> Data under study:
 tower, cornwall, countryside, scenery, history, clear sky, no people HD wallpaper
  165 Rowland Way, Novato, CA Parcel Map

--

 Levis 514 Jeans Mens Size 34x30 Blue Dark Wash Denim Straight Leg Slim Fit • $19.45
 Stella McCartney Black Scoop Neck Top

...

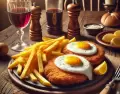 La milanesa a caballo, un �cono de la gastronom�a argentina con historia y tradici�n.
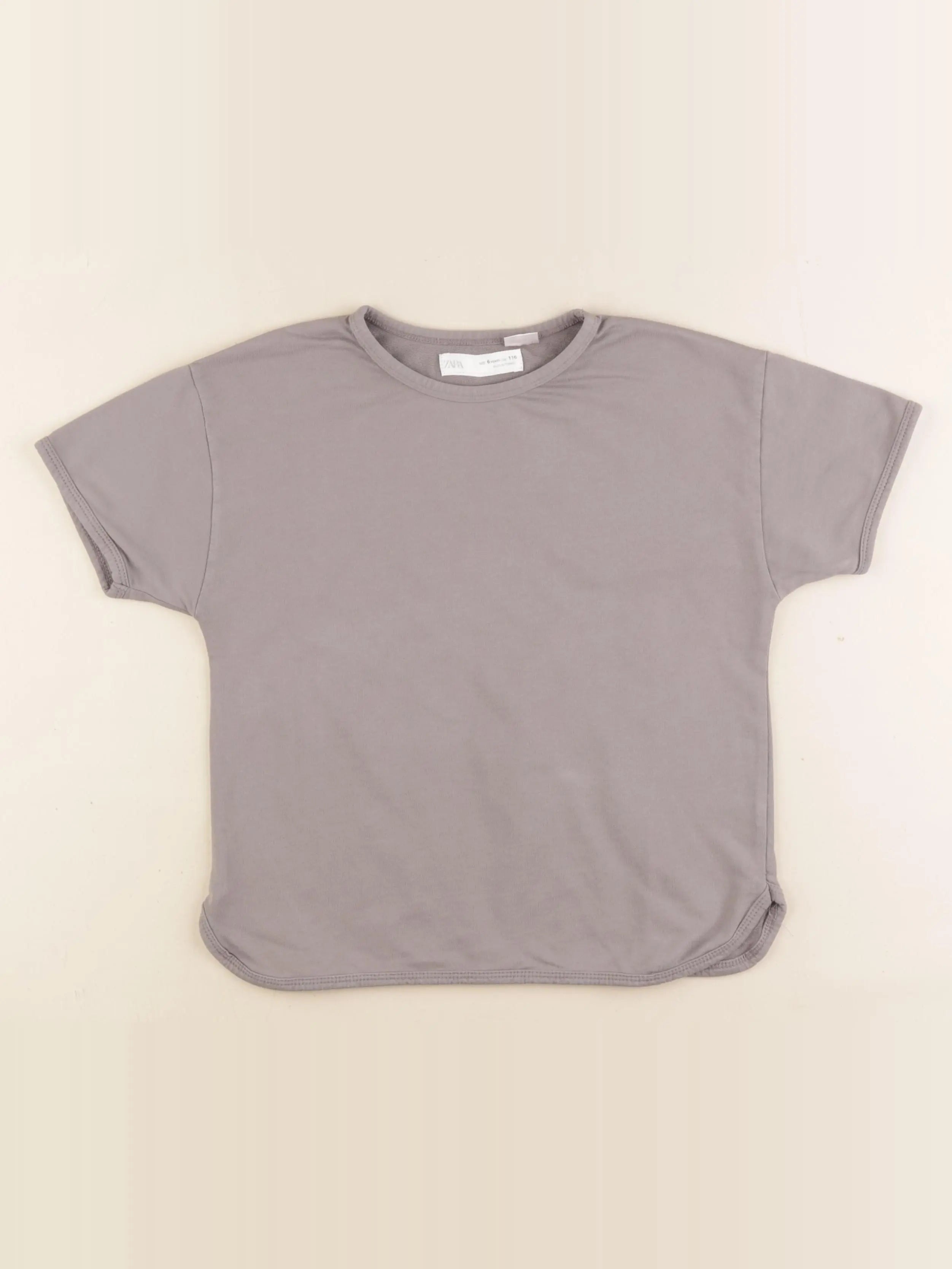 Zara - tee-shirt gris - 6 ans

> Task brief:
In the listing above, find the line with "La milanesa a" and the line with "Zara - tee-shirt gris - 6 ans". Copy exactly those two and every line between, without the pictures.

> Result of the task:
 La milanesa a caballo, un �cono de la gastronom�a argentina con historia y tradici�n.
 Zara - tee-shirt gris - 6 ans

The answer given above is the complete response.